■ **PROBLEM**
Set down each record below precisely, skipping the pictures.

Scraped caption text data
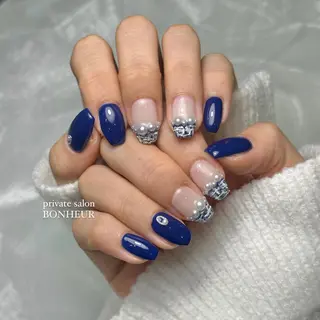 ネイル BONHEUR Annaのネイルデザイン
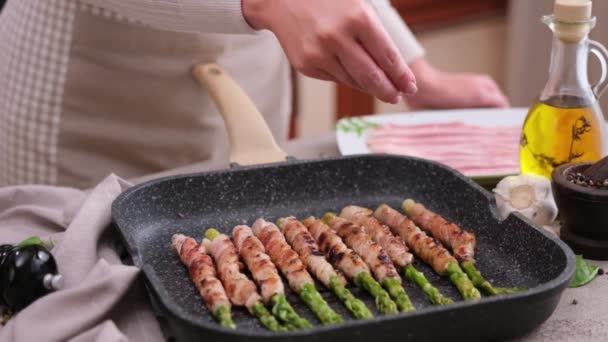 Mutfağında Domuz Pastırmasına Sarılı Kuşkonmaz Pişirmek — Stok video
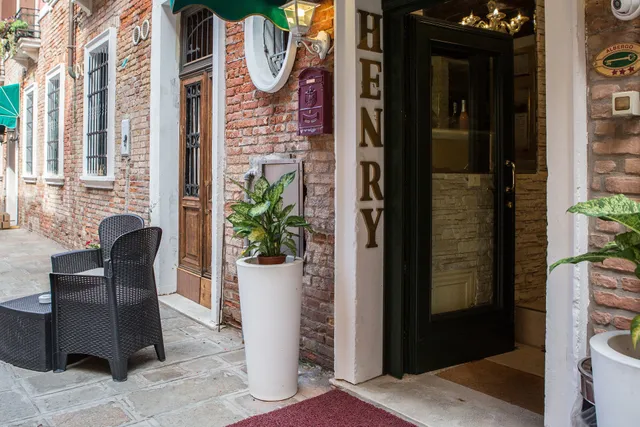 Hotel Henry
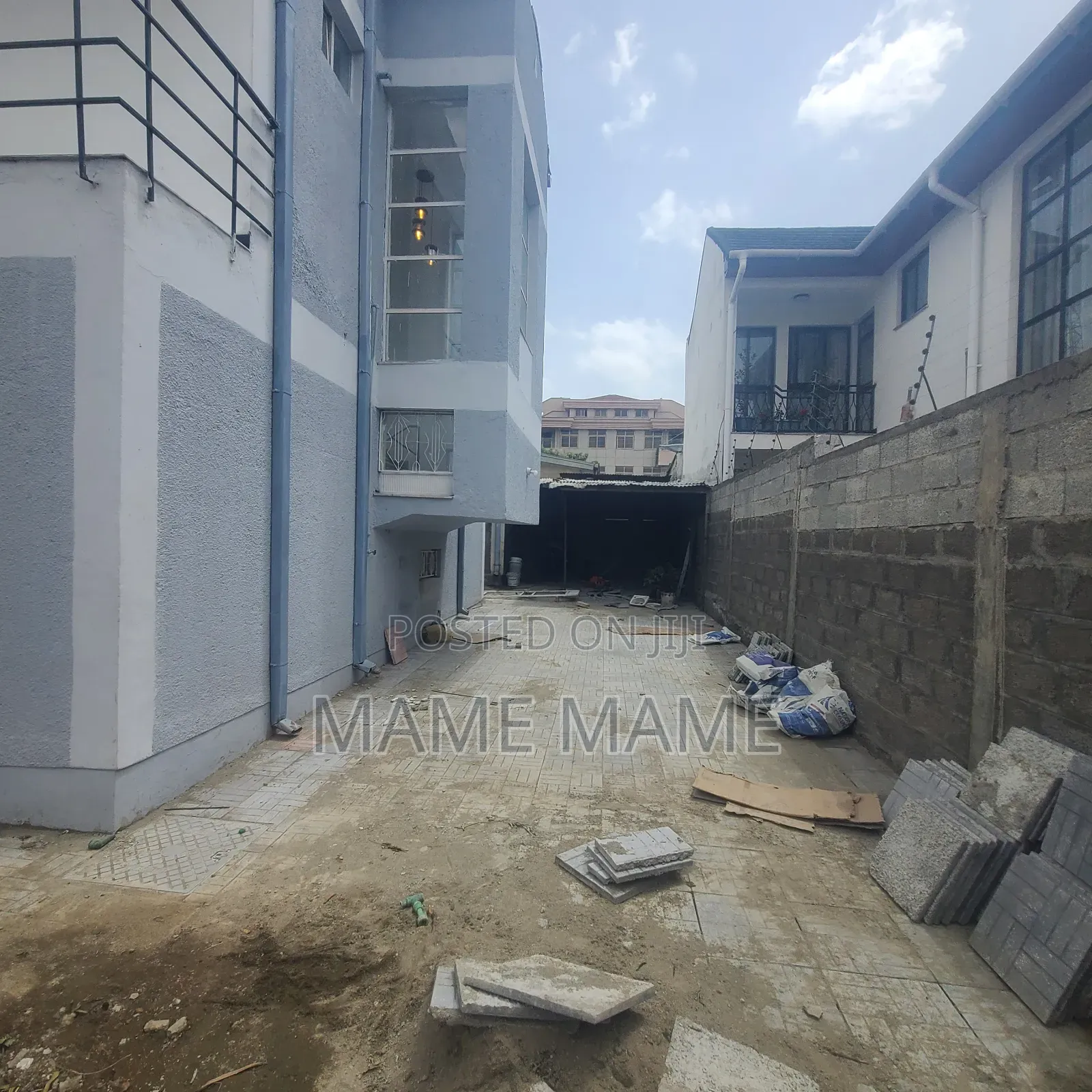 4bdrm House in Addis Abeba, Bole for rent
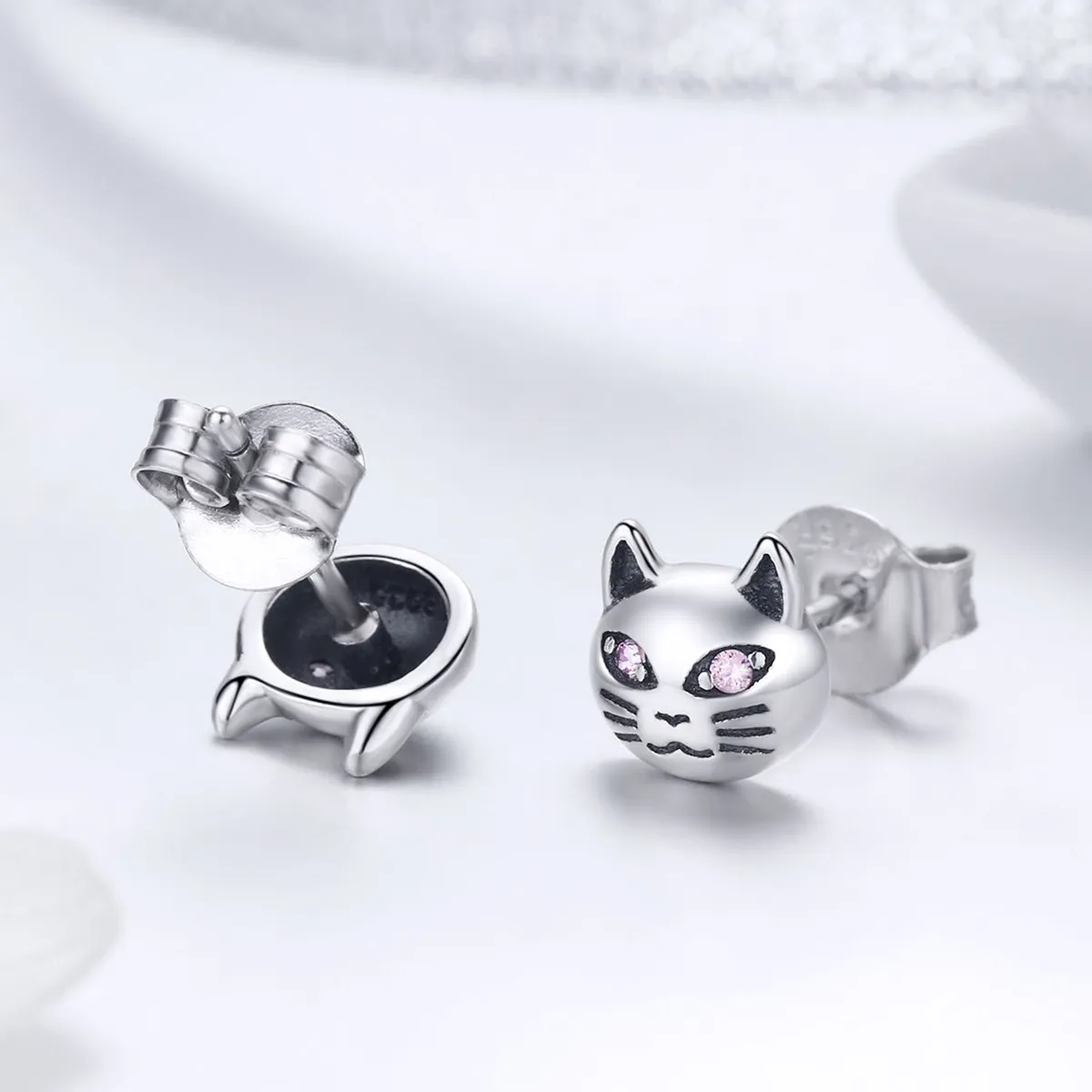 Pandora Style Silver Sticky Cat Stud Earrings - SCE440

■ **TASK SOLUTION**
 ネイル BONHEUR Annaのネイルデザイン
 Mutfağında Domuz Pastırmasına Sarılı Kuşkonmaz Pişirmek — Stok video
 Hotel Henry
 4bdrm House in Addis Abeba, Bole for rent
 Pandora Style Silver Sticky Cat Stud Earrings - SCE440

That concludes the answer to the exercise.